I wasn’t terribly sure about the Tag thing when the boys were first given it. We like the interaction with one another that we get from reading stories, and when the white flag goes up and electronic baby-sitters are needed, DVD or iPad works better. The tag map of the world however, is fantastic. Both boys love it, and spend many a happy 20 minutes exploring with the help of “la rose des vents” (our tag being in French).
So off he was sent, to pick a country, any country, whose food he would like to try, and I promised to cook him something from that country at the weekend. He picked Russia (nice and big, can’t miss it) and so this whole game began.

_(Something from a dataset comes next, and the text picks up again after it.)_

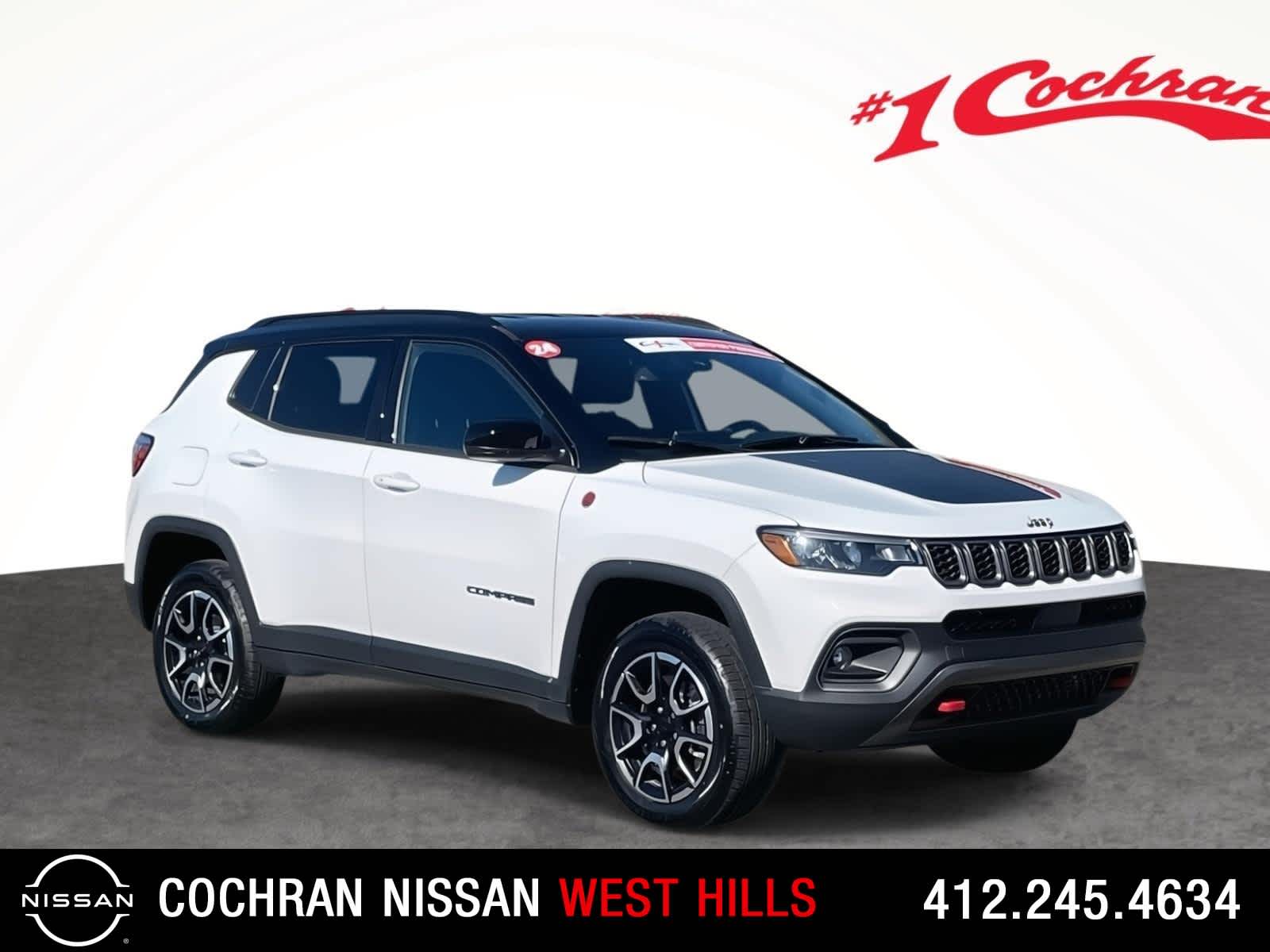 2024 Jeep Compass Trailhawk's photo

Many weeks later, we have prepared and eaten food not only from Russia, but from Japan, India, China (for Chinese new year), France, Spain, Italy, Germany, Papua New Guinea (hmmm, coconut fish ceviche was a challenge for all of our taste buds, although fried plantain was a hit), Australia, South Africa (mealie cake, very popular, click here), Morocco, Wales, Ireland, Scotland, England, Korea, Mexico, Alaska (not a country I know, but shown separately on the map) and many others (full list of countries and dishes here, if you want to see it).

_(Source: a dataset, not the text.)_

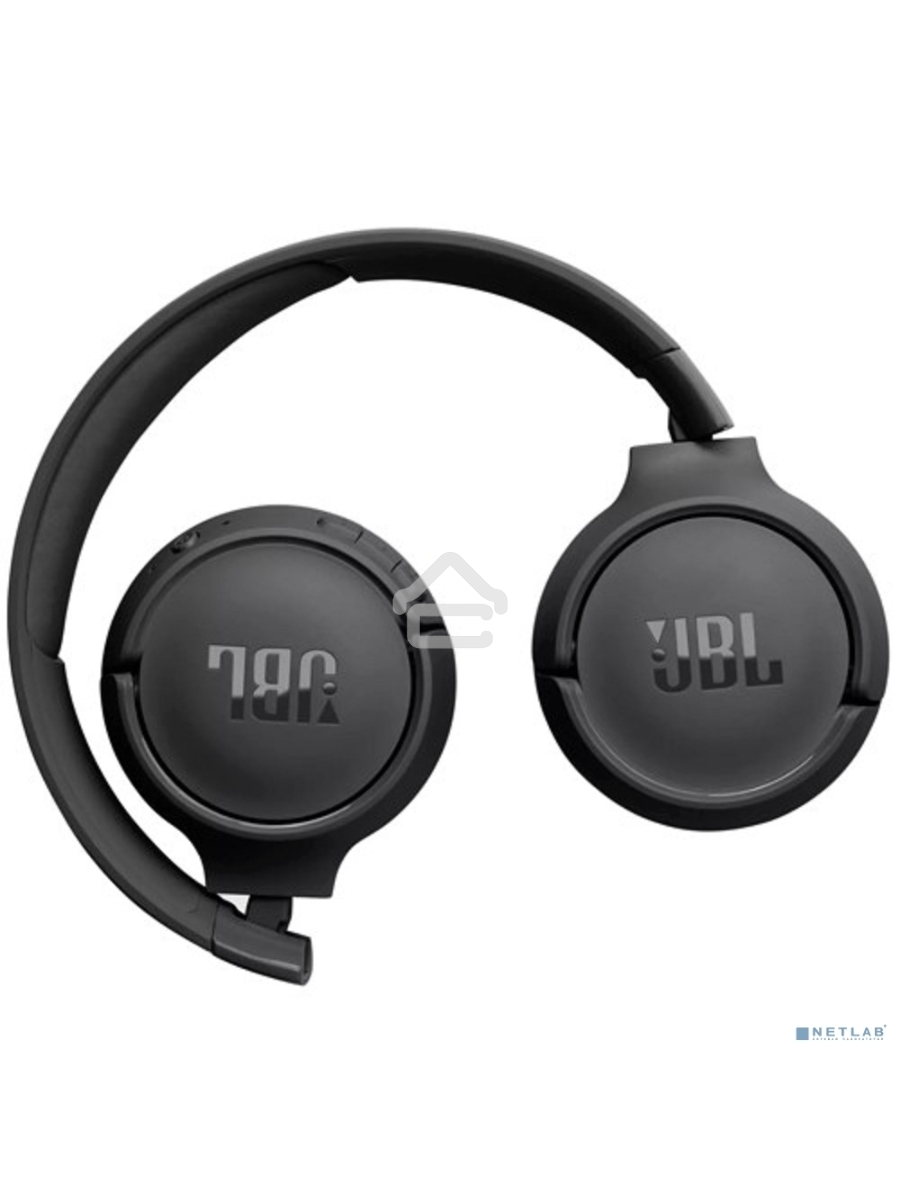 Гарнитура JBL черный TUNE 520BT Bluetooth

We have talked about people, and about flags, and discovered some original cooking methods. We have boiled mutton (well, hogget, couldn’t get mutton) in water heated by hot stones taken from the heart of a camp-fire. (Good stones were hard to find, this being chalk and flint country. Don’t use flint by the way, it explodes when you heat it, scared the heck out of me. You want river bed pebbles ideally.) We have cooked salmon steaks on charred cedar planks nestled on a fire, and made pizza in our clay oven. (Which we do anyway, but it counts!).
We have two columns on the chalk wall in the kitchen, headed Oui, yummy and Non, yuck, and when we are done the boys stick a little paper flag in the appropriate column. So far the only out and out Non has been Papua New Guinea, although Australia (lamingtons, too sweet) and Spain (didn’t like tortilla) are hovering between the columns in a non-committal sort of way.